JC - O governo atual tem levantado o debate sobre um conflito entre responsabilidade fiscal e responsabilidade social…
Ricupero - Acho esse um falso dilema. Se, para atender as demandas sociais, você sacrificar o orçamento, em pouco tempo, terá uma crise econômica, um buraco enorme de gastos. Com isso, precisará imprimir dinheiro, o que criará inflação de novo. Com a inflação, quem mais sofre são os pobres, porque eles dependem de salário fixo. Quem depende de renda pode se defender da inflação, aplicando no overnight ou, até mesmo, mandado dinheiro para fora do Brasil. Agora, quem depende de salário no fim do mês não tem essa defesa. É, portanto, um erro a ideia de que se você aumentar as despesas sociais, vai resolver os problemas das pessoas, mesmo que não se tenha arrecadação.
JC - Em um capítulo de livro de memórias, o senhor utiliza a expressão "algodão entre cristais" para exemplificar o papel que tinha ao gerenciar a tensão entre Itamar e a equipe econômica. A sua carreira na diplomacia ajudou nessa função?
Ricupero - Você percebeu bem, porque, embora em teoria o fato de eu ser diplomata não me qualificasse para a área da Fazenda, o que acabou acontecendo foi que eu tive que exercer essas qualidades diplomáticas. O presidente, quando tinha esses impulsos que contei, eu lhe dizia para trazer alguém da equipe para explicar a ele melhor algum ponto, já que eles eram os economistas. Mas ele respondia negativamente. Dizia: "eu só falo com o senhor, o senhor é meu ministro". Por outro lado, a equipe também se sentia um pouco insegura, porque eles tinham ido para Brasília atendendo a convite do Fernando Henrique e ele saiu para concorrer à presidência. Quando entrei, eles até me conheciam do passado, mas não estavam tão acostumados comigo. Então havia um pouco de receio da parte deles de como eu iria me comportar. Às vezes, diziam que se houvesse alguma interferência política, iriam embora. Então eu tinha que amortecer, porque se fosse muito duro, muito inábil, teria ou brigado com o Itamar ou com a equipe. Eu tratava bem tanto um lado quanto o outro.
JC - Há um paradoxo, o senhor se destacou como o porta-voz do Real e acabou saindo por um ato falho na comunicação, no episódio da parabólica. Que lições tirou disso?

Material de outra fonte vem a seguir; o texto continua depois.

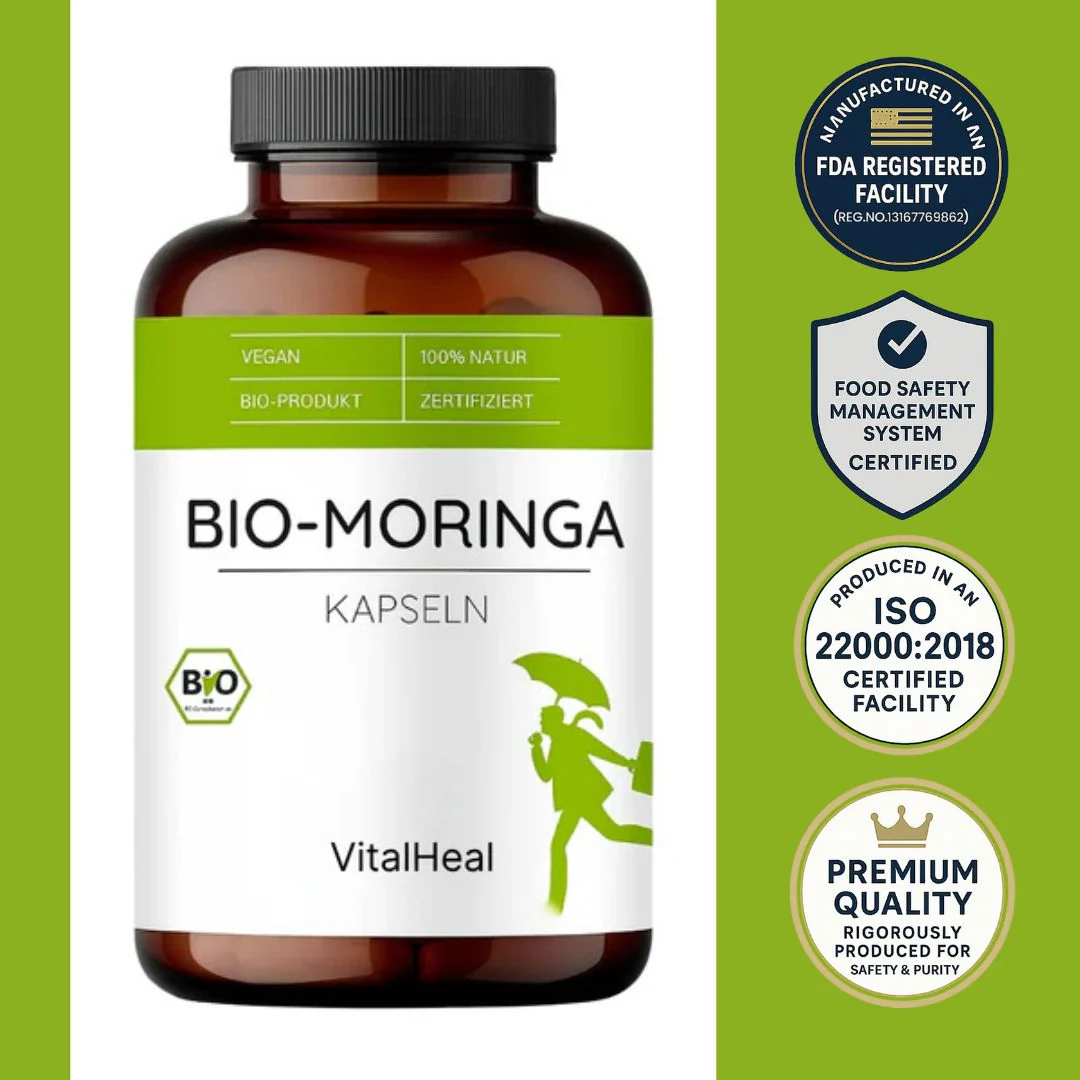 Bio Moringa Capsules – Moringa Leaf Powder for Daily Nutrition Support - Image 5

Ricupero - É verdade. A lição que tirei de tudo aquilo não é contra a comunicação, acho que foi essencial eu ter tido aquele empenho à época. Talvez o excesso. Porque naquele dia, o número de entrevistas foi muito elevado, eu já estava muito cansado. Acho que eu presumi que tinha mais forças do que tinha na realidade. Também tem o lado de que reconheço que tudo aquilo, de certa forma, havia subido à cabeça. No fim, eu estava envaidecido. Lembrando que o que acabou acontecendo não era propriamente uma entrevista. A entrevista não tinha começado. Foi uma conversa captada por uma câmara que eu não sabia que estava ligada, mas não importa. Naqueles 19 minutos acabei dizendo muita bobagem. E teve repercussão. Até hoje é um episódio do qual me envergonho e não gosto de falar, mas reconheço que foi responsabilidade minha. Pedi demissão ao Itamar. No começo, ele não queria, achava que não era tão importante, mas depois concordou. Agora, tirando o lado de vaidade pessoal, não é como esses episódios da Lava Jato, em que as pessoas foram surpreendidas confessando crimes que estavam tramando. Não era nada disso. Pela transcrição da conversa, tudo aconteceu porque o jornalista era cético. Achava que o plano já tinha fracassado e eu disse a ele que não, que tínhamos elementos para crer que a inflação iria cair muito no mês seguinte. Ele queria que eu desse essa notícia. Podia ter dado, mas acabei dizendo a ele que não poderia por uma combinação com a equipe de só dar a notícia quando o mês estivesse completo. Estava evitando divulgar uma notícia que era boa para mim, que se tivesse dado ia ser favorável. Se tivesse, digamos, realmente provado que eu "não tinha escrúpulos", paradoxalmente, teria me saído melhor.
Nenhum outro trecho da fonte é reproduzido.